Extracted information:
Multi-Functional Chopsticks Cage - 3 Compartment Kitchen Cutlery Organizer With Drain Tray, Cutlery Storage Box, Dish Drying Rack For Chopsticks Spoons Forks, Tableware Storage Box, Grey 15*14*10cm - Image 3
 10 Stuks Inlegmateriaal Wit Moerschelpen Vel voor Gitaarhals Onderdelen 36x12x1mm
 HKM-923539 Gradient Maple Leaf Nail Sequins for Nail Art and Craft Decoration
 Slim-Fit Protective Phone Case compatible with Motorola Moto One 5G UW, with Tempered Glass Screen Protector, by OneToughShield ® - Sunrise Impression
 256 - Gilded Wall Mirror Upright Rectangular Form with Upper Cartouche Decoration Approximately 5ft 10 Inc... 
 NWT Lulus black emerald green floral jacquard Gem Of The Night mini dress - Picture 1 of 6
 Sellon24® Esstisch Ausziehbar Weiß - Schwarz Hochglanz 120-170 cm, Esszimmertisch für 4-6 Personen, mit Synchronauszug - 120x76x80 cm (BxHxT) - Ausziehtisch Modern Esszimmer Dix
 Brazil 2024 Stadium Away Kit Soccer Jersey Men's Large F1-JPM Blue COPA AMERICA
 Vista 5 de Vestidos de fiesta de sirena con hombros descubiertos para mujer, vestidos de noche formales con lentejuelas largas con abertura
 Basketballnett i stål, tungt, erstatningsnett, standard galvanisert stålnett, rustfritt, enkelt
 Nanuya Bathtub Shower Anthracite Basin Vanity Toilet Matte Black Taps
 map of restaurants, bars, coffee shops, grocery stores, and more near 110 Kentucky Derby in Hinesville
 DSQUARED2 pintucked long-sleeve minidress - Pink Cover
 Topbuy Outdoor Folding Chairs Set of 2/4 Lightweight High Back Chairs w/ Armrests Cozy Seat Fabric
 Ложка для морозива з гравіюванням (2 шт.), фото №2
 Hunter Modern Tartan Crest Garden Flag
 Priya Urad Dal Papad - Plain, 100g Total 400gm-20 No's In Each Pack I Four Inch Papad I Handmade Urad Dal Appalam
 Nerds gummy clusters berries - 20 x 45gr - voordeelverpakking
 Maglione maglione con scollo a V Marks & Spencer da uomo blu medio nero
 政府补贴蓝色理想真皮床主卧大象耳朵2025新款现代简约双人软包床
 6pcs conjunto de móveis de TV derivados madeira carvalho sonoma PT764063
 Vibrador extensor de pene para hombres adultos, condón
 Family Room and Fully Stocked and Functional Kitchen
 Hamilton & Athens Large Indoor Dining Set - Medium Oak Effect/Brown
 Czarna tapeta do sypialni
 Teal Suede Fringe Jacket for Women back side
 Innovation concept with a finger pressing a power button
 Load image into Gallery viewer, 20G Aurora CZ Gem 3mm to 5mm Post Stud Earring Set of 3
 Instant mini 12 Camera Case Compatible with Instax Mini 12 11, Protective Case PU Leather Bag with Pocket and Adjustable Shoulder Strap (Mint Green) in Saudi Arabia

Requirement:
Set down every line of the listing again, exactly.

Solved problem:
Multi-Functional Chopsticks Cage - 3 Compartment Kitchen Cutlery Organizer With Drain Tray, Cutlery Storage Box, Dish Drying Rack For Chopsticks Spoons Forks, Tableware Storage Box, Grey 15*14*10cm - Image 3
 10 Stuks Inlegmateriaal Wit Moerschelpen Vel voor Gitaarhals Onderdelen 36x12x1mm
 HKM-923539 Gradient Maple Leaf Nail Sequins for Nail Art and Craft Decoration
 Slim-Fit Protective Phone Case compatible with Motorola Moto One 5G UW, with Tempered Glass Screen Protector, by OneToughShield ® - Sunrise Impression
 256 - Gilded Wall Mirror Upright Rectangular Form with Upper Cartouche Decoration Approximately 5ft 10 Inc... 
 NWT Lulus black emerald green floral jacquard Gem Of The Night mini dress - Picture 1 of 6
 Sellon24® Esstisch Ausziehbar Weiß - Schwarz Hochglanz 120-170 cm, Esszimmertisch für 4-6 Personen, mit Synchronauszug - 120x76x80 cm (BxHxT) - Ausziehtisch Modern Esszimmer Dix
 Brazil 2024 Stadium Away Kit Soccer Jersey Men's Large F1-JPM Blue COPA AMERICA
 Vista 5 de Vestidos de fiesta de sirena con hombros descubiertos para mujer, vestidos de noche formales con lentejuelas largas con abertura
 Basketballnett i stål, tungt, erstatningsnett, standard galvanisert stålnett, rustfritt, enkelt
 Nanuya Bathtub Shower Anthracite Basin Vanity Toilet Matte Black Taps
 map of restaurants, bars, coffee shops, grocery stores, and more near 110 Kentucky Derby in Hinesville
 DSQUARED2 pintucked long-sleeve minidress - Pink Cover
 Topbuy Outdoor Folding Chairs Set of 2/4 Lightweight High Back Chairs w/ Armrests Cozy Seat Fabric
 Ложка для морозива з гравіюванням (2 шт.), фото №2
 Hunter Modern Tartan Crest Garden Flag
 Priya Urad Dal Papad - Plain, 100g Total 400gm-20 No's In Each Pack I Four Inch Papad I Handmade Urad Dal Appalam
 Nerds gummy clusters berries - 20 x 45gr - voordeelverpakking
 Maglione maglione con scollo a V Marks & Spencer da uomo blu medio nero
 政府补贴蓝色理想真皮床主卧大象耳朵2025新款现代简约双人软包床
 6pcs conjunto de móveis de TV derivados madeira carvalho sonoma PT764063
 Vibrador extensor de pene para hombres adultos, condón
 Family Room and Fully Stocked and Functional Kitchen
 Hamilton & Athens Large Indoor Dining Set - Medium Oak Effect/Brown
 Czarna tapeta do sypialni
 Teal Suede Fringe Jacket for Women back side
 Innovation concept with a finger pressing a power button
 Load image into Gallery viewer, 20G Aurora CZ Gem 3mm to 5mm Post Stud Earring Set of 3
 Instant mini 12 Camera Case Compatible with Instax Mini 12 11, Protective Case PU Leather Bag with Pocket and Adjustable Shoulder Strap (Mint Green) in Saudi Arabia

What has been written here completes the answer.